Monday, March 25, 2013

Monitoring Prevailing Wages on Federally Funded Projects

Federal funding for public works construction projects brings with it requirements for monitoring to ensure that the contractor and all subcontractors are paying their workers at least the prevailing wage rate applicable for the type of work performed.

Audit finding:  Unfortunately, it's fairly common that public agencies receiving federal funding are not aware of these requirements.  The Washington State Auditor's Office recently issued audit findings against the Oroville Housing Authority in Okanogan County, Washington for failure to obtain and review weekly certified payrolls from the contractor and all subcontractors.  According to the audit, "the Housing Authority spent $2,371,300 in grant funding in 2011, approximately 76 percent of which was paid to the contractor."  

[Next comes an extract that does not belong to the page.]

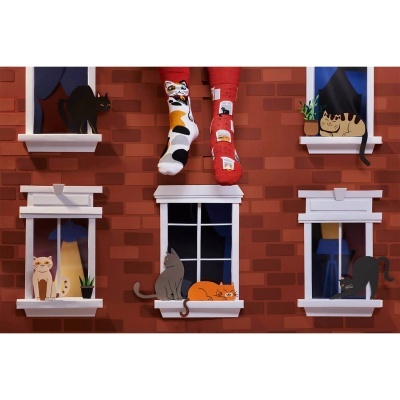 Meias com padrão de gatos coloridas penduradas na frente de uma parede de tijolos com janelas ilustradas com gatos.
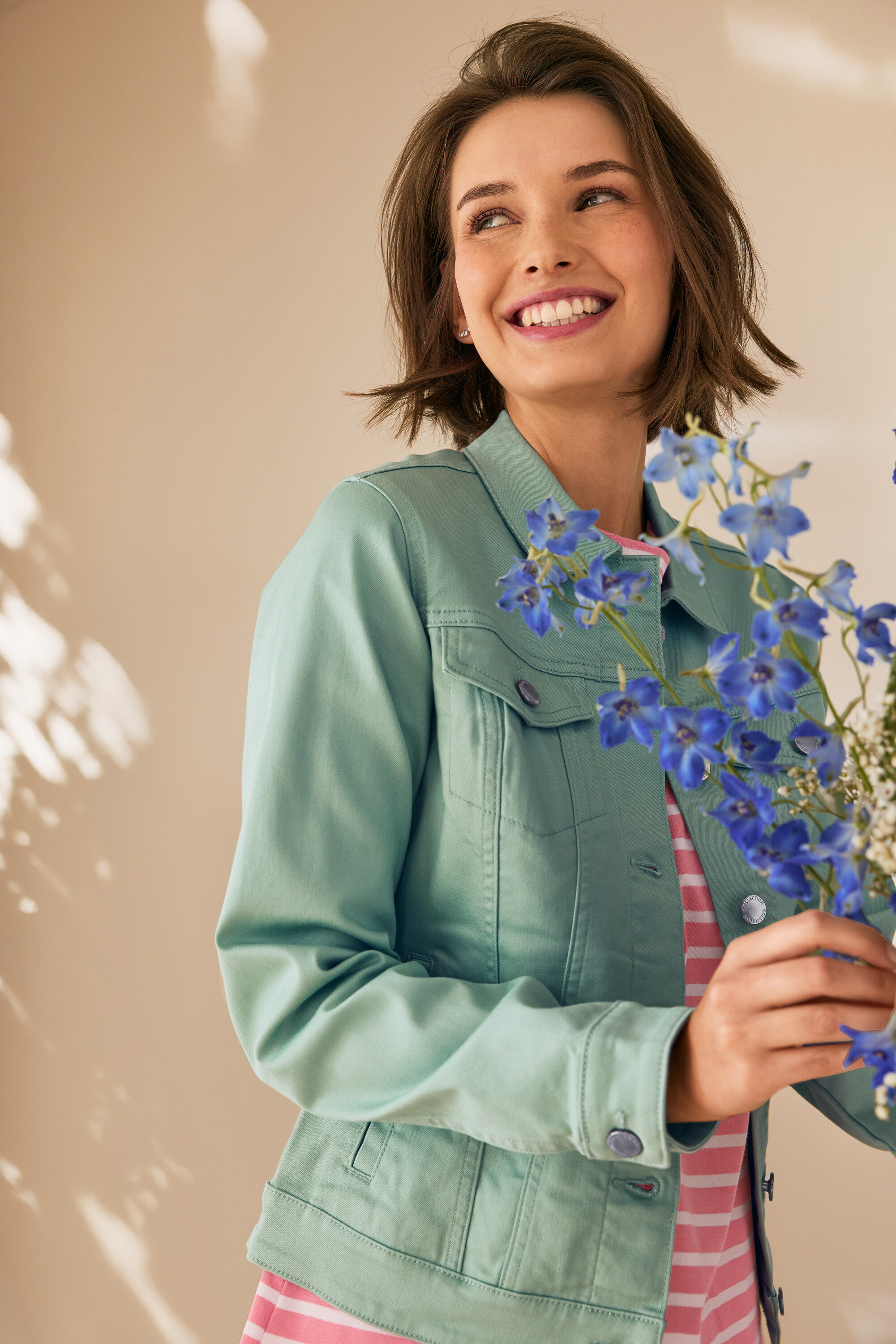 Frau lächelt und hält blaue Blumen, trägt eine mintgrüne Jeansjacke und 925 Silber Ohrstecker Zirkoniabogen.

What should be reviewed?  Public agency staff should be trained in the complexities of federal prevailing wages and what should be monitored.  Here's a quick list of some of the things that should be reviewed as part of the process of monitoring payment of prevailing wages.
  • Frequency:  Are you collecting payroll reports weekly from the contractor and all subcontractors?
  • Subcontractors:  Do you have a system for determining what subcontractors are working on site?
  • Reviewing payrolls:  Are you reviewing the certified payroll reports on a weekly basis to ensure that prevailing wages are being paid to the workers?  As part of your review, are you evaluating the following: a) whether the classifications reported are appropriate, b) the hourly wage rate is at least the prevailing wage rate, c) the proper overtime rates are being paid, d) apprentices are registered apprentices who may be paid less than the journey-level wage, e) the payroll report is signed by an authorized individual?
  • Documenting your review:  Are you documenting your review of the payrolls by marking the payroll reports?
  • Weekly pay:  Are you monitoring to ensure that the contractor and their subcontractors paying their workers on a weekly basis?  This is required by the federal Davis-Bacon Act.
  • Worker interviews:  Are you interviewing a representative sample of workers on-site, asking them questions about what work they are performing and how much they are being paid?  Are you correlating this information with what is reported on weekly payroll reports?
  • Invoices:  Do you have a process that ties in your approval of a contractor's monthly pay application and invoice with your review and approval of the weekly payroll reports?